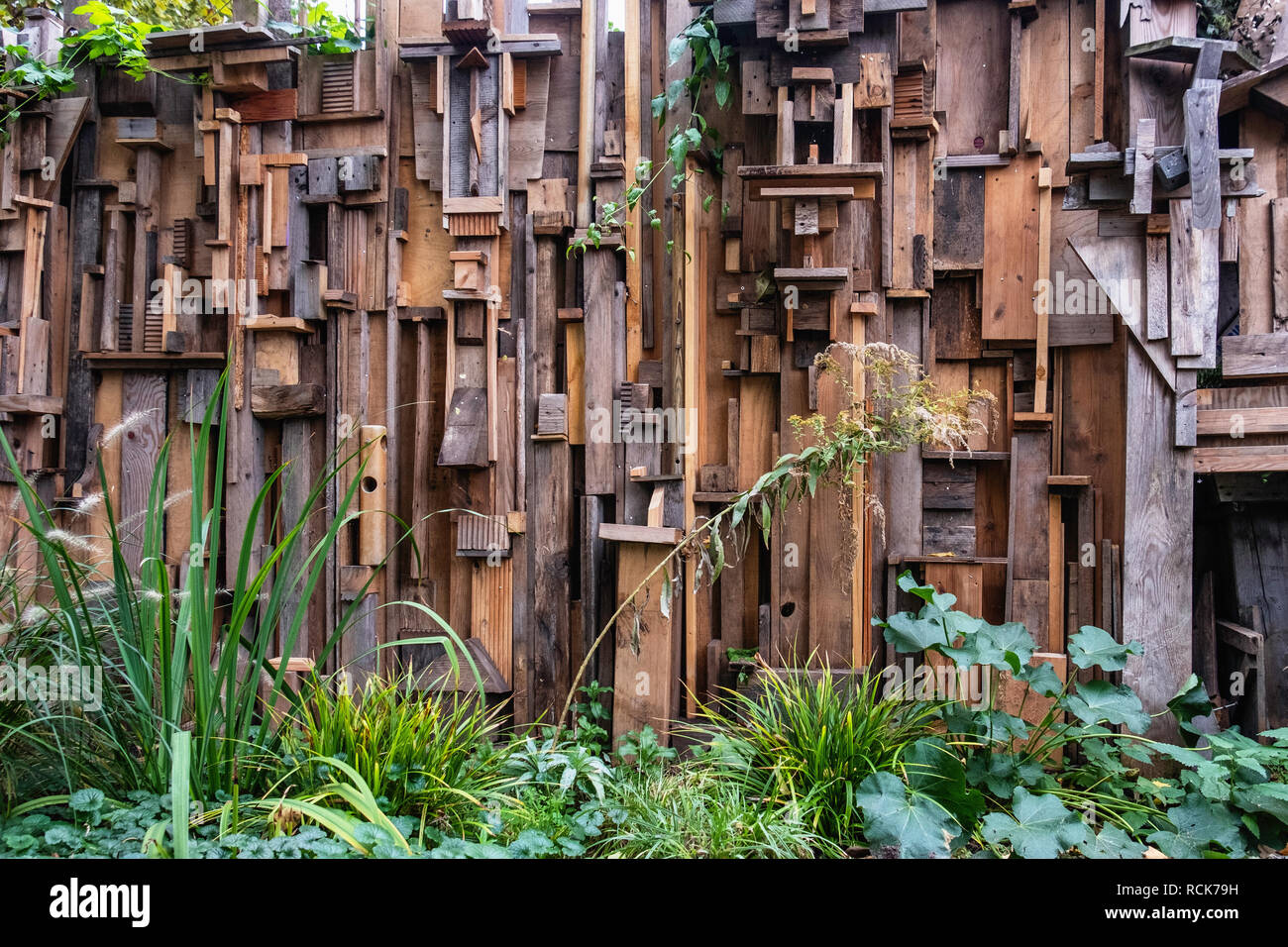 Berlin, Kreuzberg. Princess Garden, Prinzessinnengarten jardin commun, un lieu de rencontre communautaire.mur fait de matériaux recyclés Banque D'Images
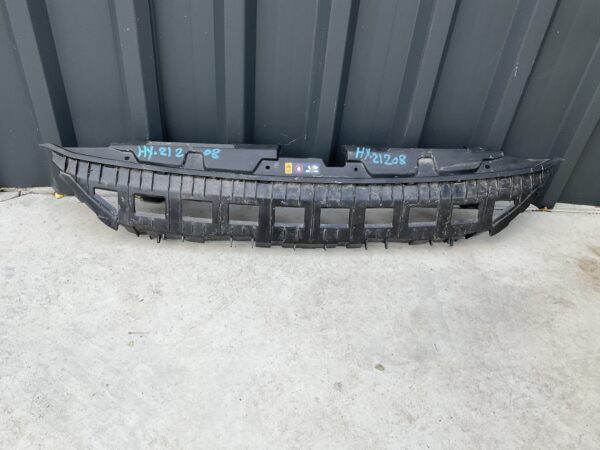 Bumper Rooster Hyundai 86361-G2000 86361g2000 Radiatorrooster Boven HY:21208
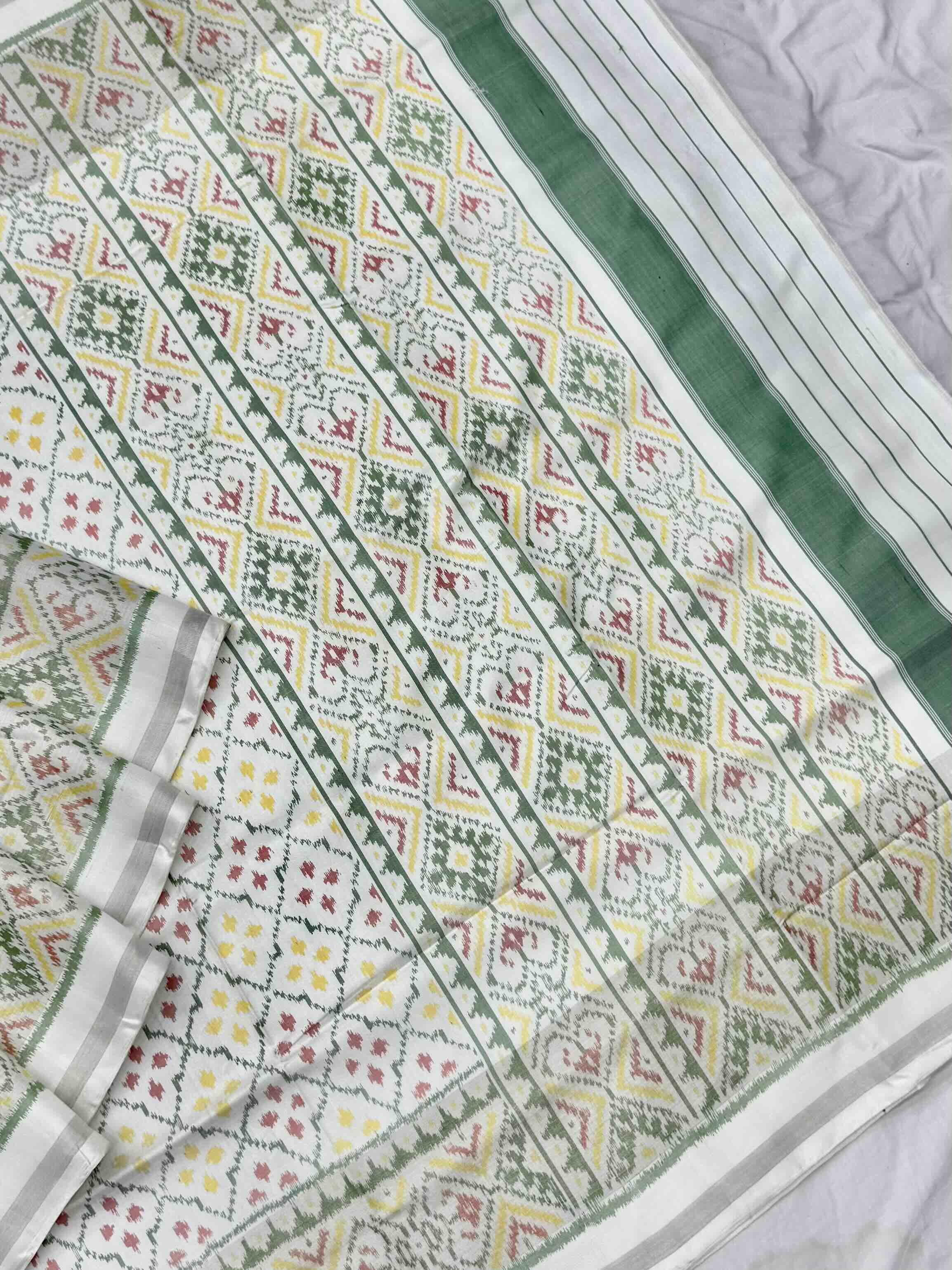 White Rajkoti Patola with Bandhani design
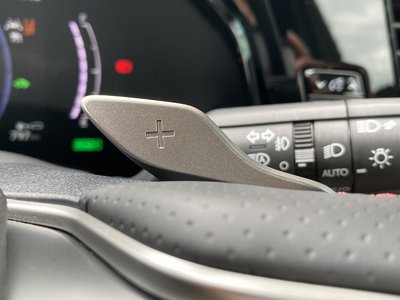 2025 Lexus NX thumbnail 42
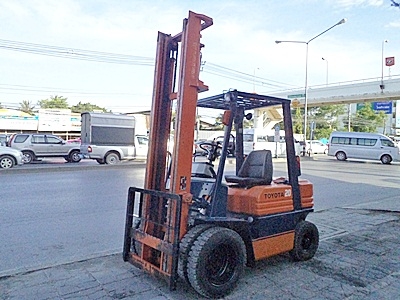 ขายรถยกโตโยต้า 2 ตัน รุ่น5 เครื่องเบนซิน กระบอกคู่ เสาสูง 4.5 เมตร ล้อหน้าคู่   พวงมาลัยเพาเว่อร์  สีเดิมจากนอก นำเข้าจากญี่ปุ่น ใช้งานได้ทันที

● ● ●

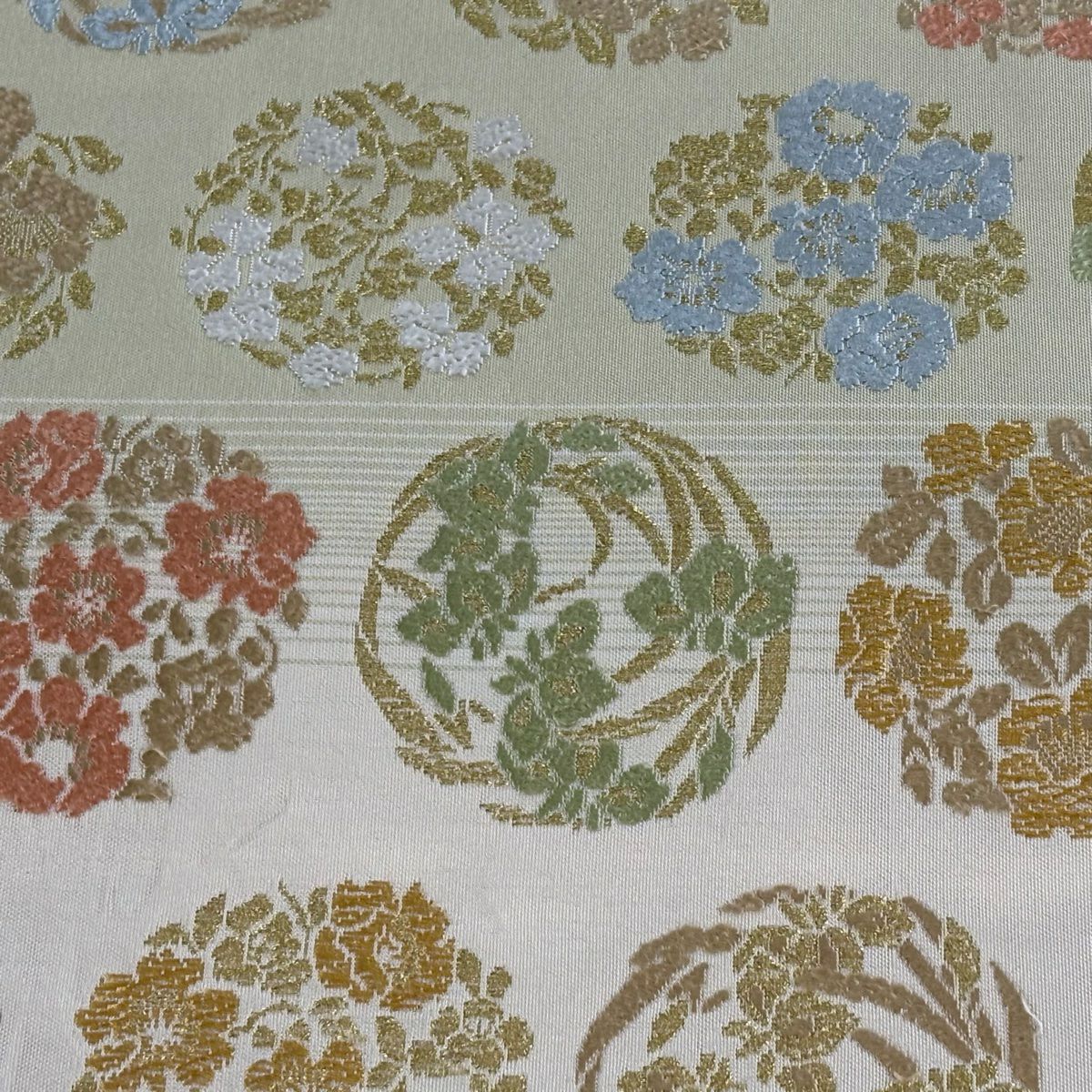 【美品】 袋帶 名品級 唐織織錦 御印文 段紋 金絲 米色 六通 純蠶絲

● ● ●

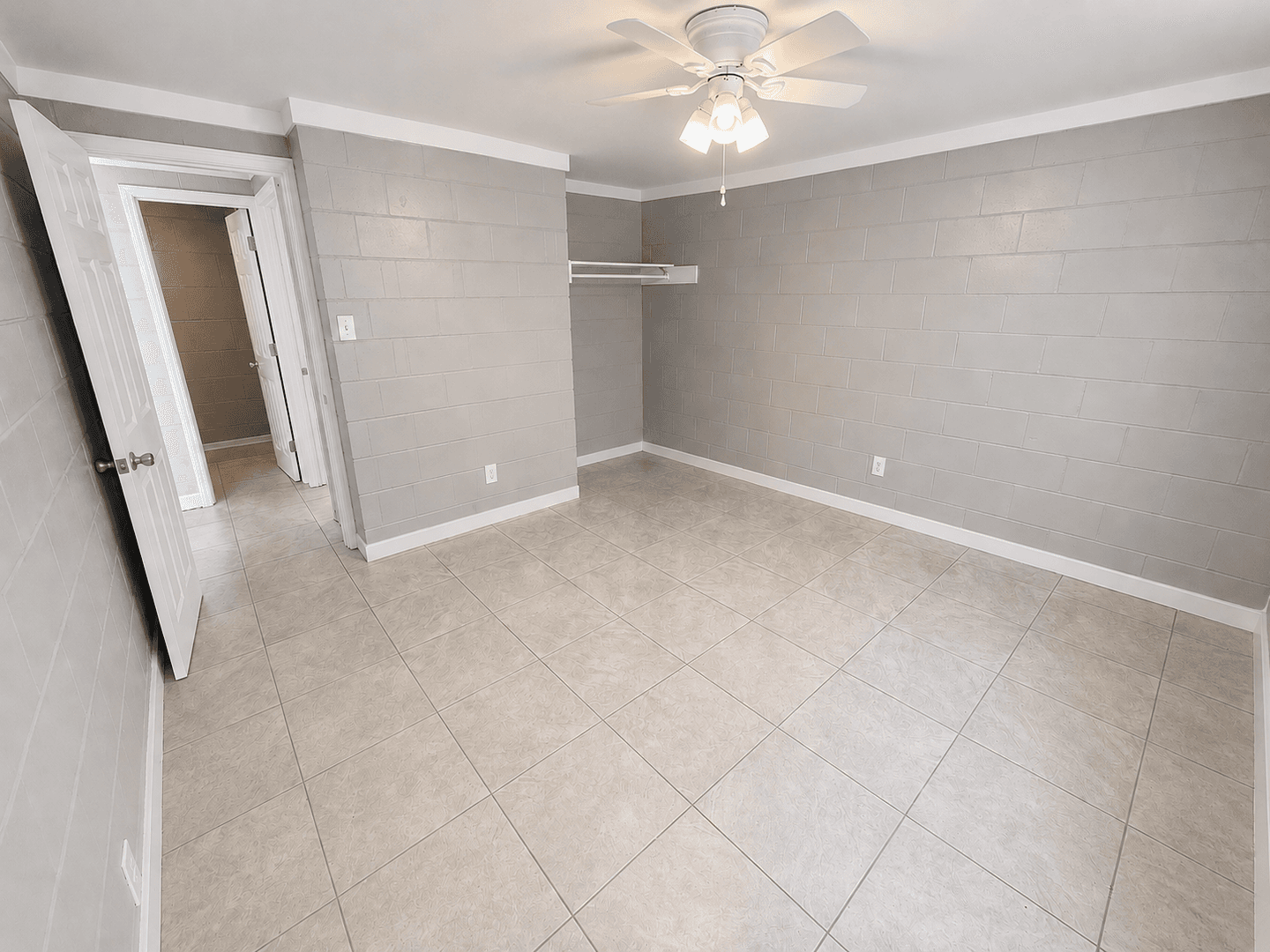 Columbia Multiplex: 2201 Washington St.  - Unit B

● ● ●

Only one part of the material above is wanted: the lines from the one with "Berlin, Kreuzberg. Princess" up to and including the one with "ขายรถยกโตโยต้า 2 ตัน". Please copy them exactly, pictures left out.

Response area
 Berlin, Kreuzberg. Princess Garden, Prinzessinnengarten jardin commun, un lieu de rencontre communautaire.mur fait de matériaux recyclés Banque D'Images
 Bumper Rooster Hyundai 86361-G2000 86361g2000 Radiatorrooster Boven HY:21208
 White Rajkoti Patola with Bandhani design
 2025 Lexus NX thumbnail 42
 ขายรถยกโตโยต้า 2 ตัน รุ่น5 เครื่องเบนซิน กระบอกคู่ เสาสูง 4.5 เมตร ล้อหน้าคู่   พวงมาลัยเพาเว่อร์  สีเดิมจากนอก นำเข้าจากญี่ปุ่น ใช้งานได้ทันที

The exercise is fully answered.